Reference Date: 09-September-2016


  1. Production of maize recovers in 2016 due to beneficial weather between January and March, following El Niño‑related dryness in late 2015

  2. Exports of maize expected to commence from October 2016 and forecast at approximately 0.5 million tonnes

  3. Maize prices rose seasonally and remained above their year‑earlier levels

  4. Food security conditions worsen in southern parts that were most affected by prolonged dryness and poor agricultural production in 2016

Crop production recovers in 2016, following favourable rains in the second half of the cropping season

Harvesting of the 2016 main cereal crops concluded in July. Results from the Government‑led crop assessment indicate a 10 percent increase in the 2016 maize crop, estimated at 2.87 million tonnes. At this level, the 2016 output is about the five‑year average. The year‑on‑year increase results from improved yields that more than offset a 9 percent contraction in the area planted. Despite the impact of El Niño‑related dryness between October and December 2015, rainfall improved between January and March, benefiting crop development particularly for the late‑planted crops. However, the early dryness that especially impacted the southern parts of the country resulted in a sharp drop in maize production of nearly 50 percent in the Southern Province.

Production of sorghum, although produced on a relatively small scale, rose significantly by 74 percent. This year’s increase is partly attributed to the inclusion of the crop in the Government’s Farmer Input Support Programme (FISP), which provides farmers with subsidized access to agricultural inputs.

The wheat crop, to be harvested from October, is forecast at about 250 000 tonnes, slightly higher than the previous year. Total cereal production in 2016 is forecast at a near‑average level of approximately 3.2 million tonnes, 10 percent up from the previous year.

Larger maize harvest and ample carryover stocks result in exportable supplies in 2016/17

National maize supplies in the 2016/17 marketing year (May/April), including carryover stocks, estimated to be close to 0.7 million tonnes, are more than sufficient to cover domestic requirements.

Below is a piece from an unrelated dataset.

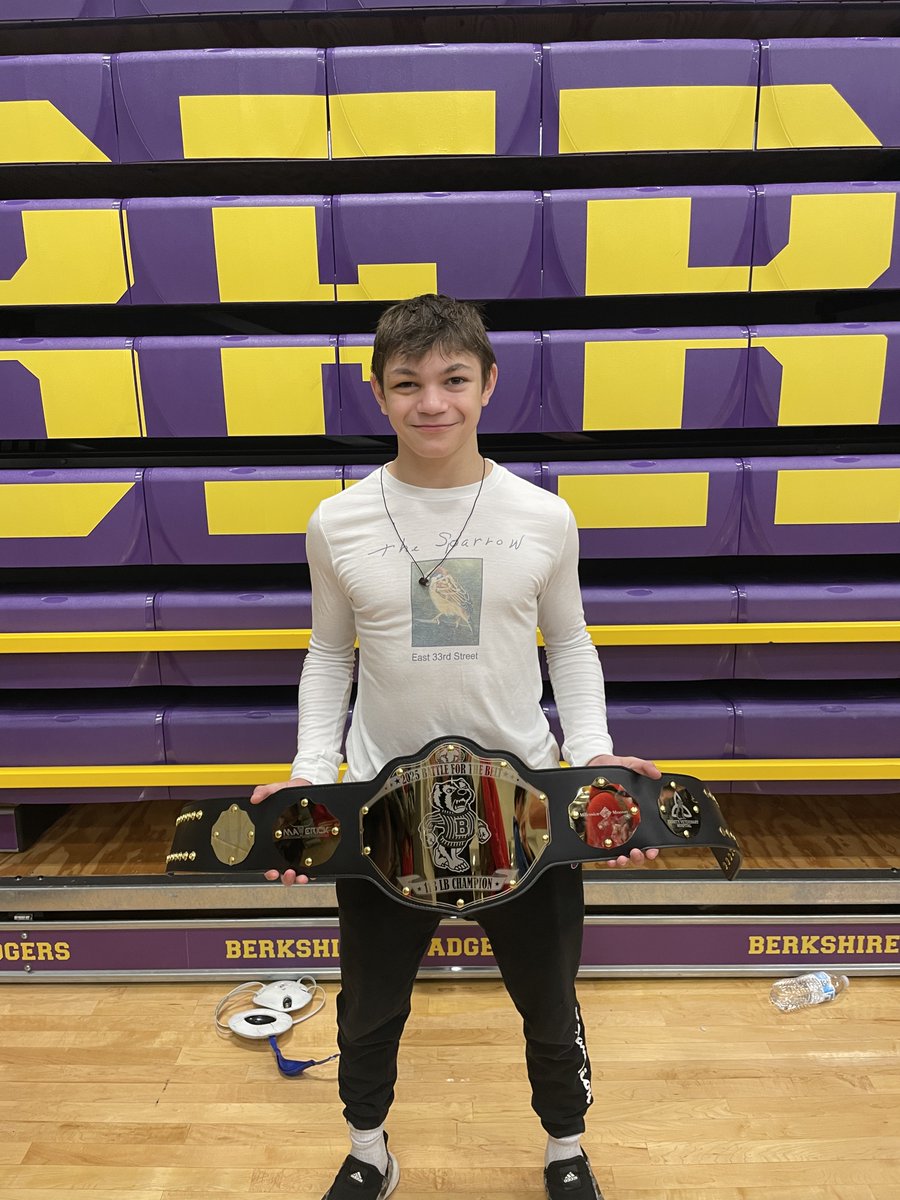 cwoodwrestling1's tweet photo. Congratulations to junior Rocco Wrobel on his 💯 career victory! Rocco secured #100 while qualifying for the state wrestling  tournament! Nice  work Rocco and good  luck next weekend! https://t.co/oeooVyS8wN
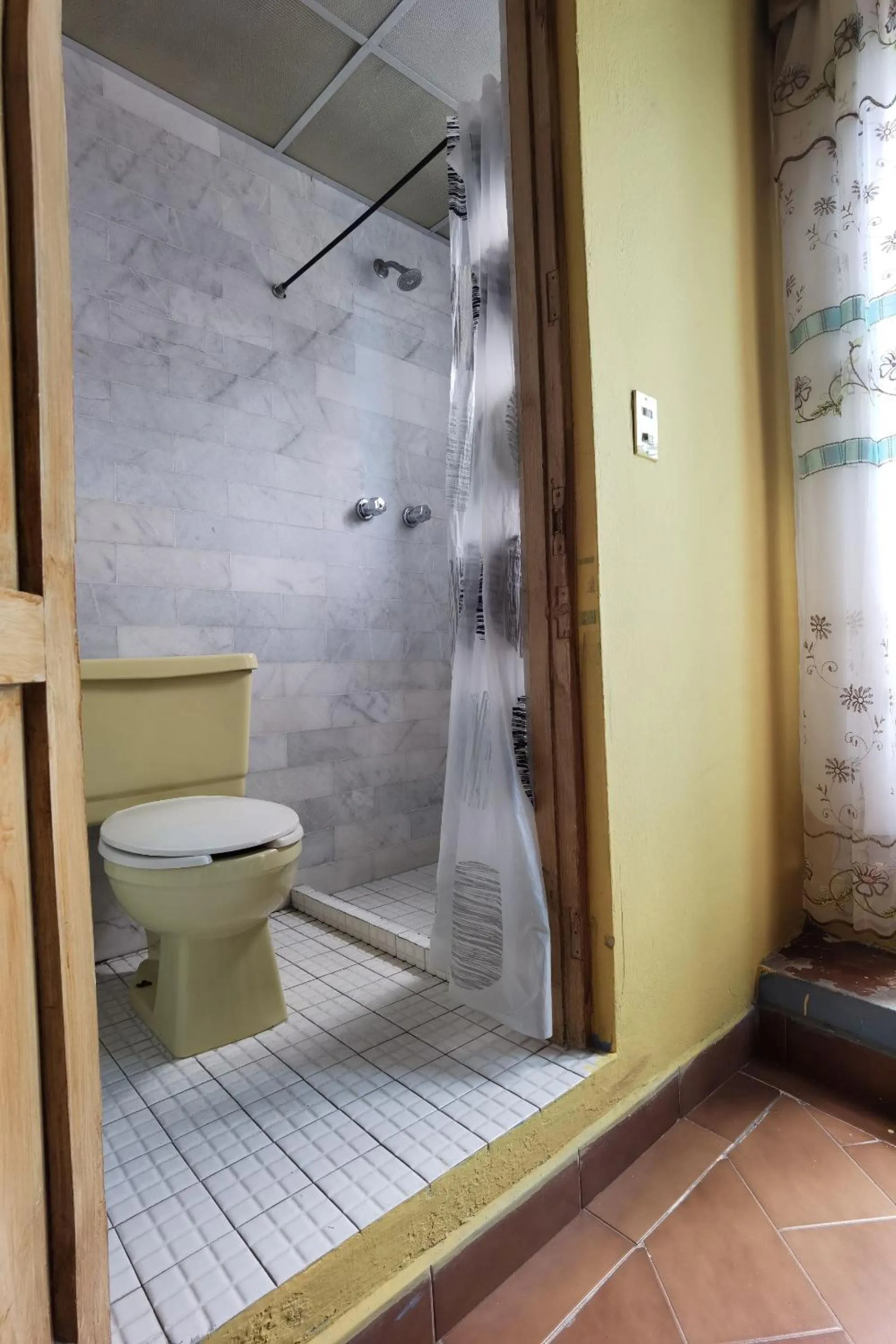 Bathroom in CAPITAL O Meson De La Fragua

As a result, Zambia is forecast to export more than 0.5 million tonnes of maize, of which a large proportion is expected to be supplied to Zimbabwe. However, maize exports have been suspended until the end of September.

The Food Reserve Agency (FRA), the Government parastatal mandated to manage the national strategic stock and engage in market facilitation, increased the maize procurement price since an earlier announcement in May 2016 by 13 percent to ZMW 85 (USD 0.12) per 50 kg for the 2016/17 marketing year (May/April). The adjustment was made to better reflect higher maize production costs faced by farmers following the depreciation of the kwacha in 2015, which contributed to raising input prices. In the current marketing year, the FRA has targeted the procurement of 1 million tonnes of maize, the country’s main staple food and grown by approximately 80 percent of smallholder farmers. As of the end of August, about 220 000 tonnes had been purchased by the FRA.

Maize prices increased and remained higher on yearly basis

Prices of maize grain increased in August and were about 30 percent up from their year-earlier level, mainly reflecting a tight supply situation.

Food security conditions worsen in southern areas

Food security conditions have deteriorated in the southern areas of the country that were most affected by the El Niño‑related dryness and consequent reduced agricultural production. The Zambian Vulnerability Assessment Committee’s 2016 evaluation in southern areas of the country estimated that 975 738 people (162 623 households) are food insecure and would require assistance. Between August and December 2016, humanitarian assistance will only target 257 592 severely‑affected people (42 932 households), while during the peak of the lean season (January‑March 2017), the total food insecure population will be supported mainly through the Social Cash Transfer (SCT) programme.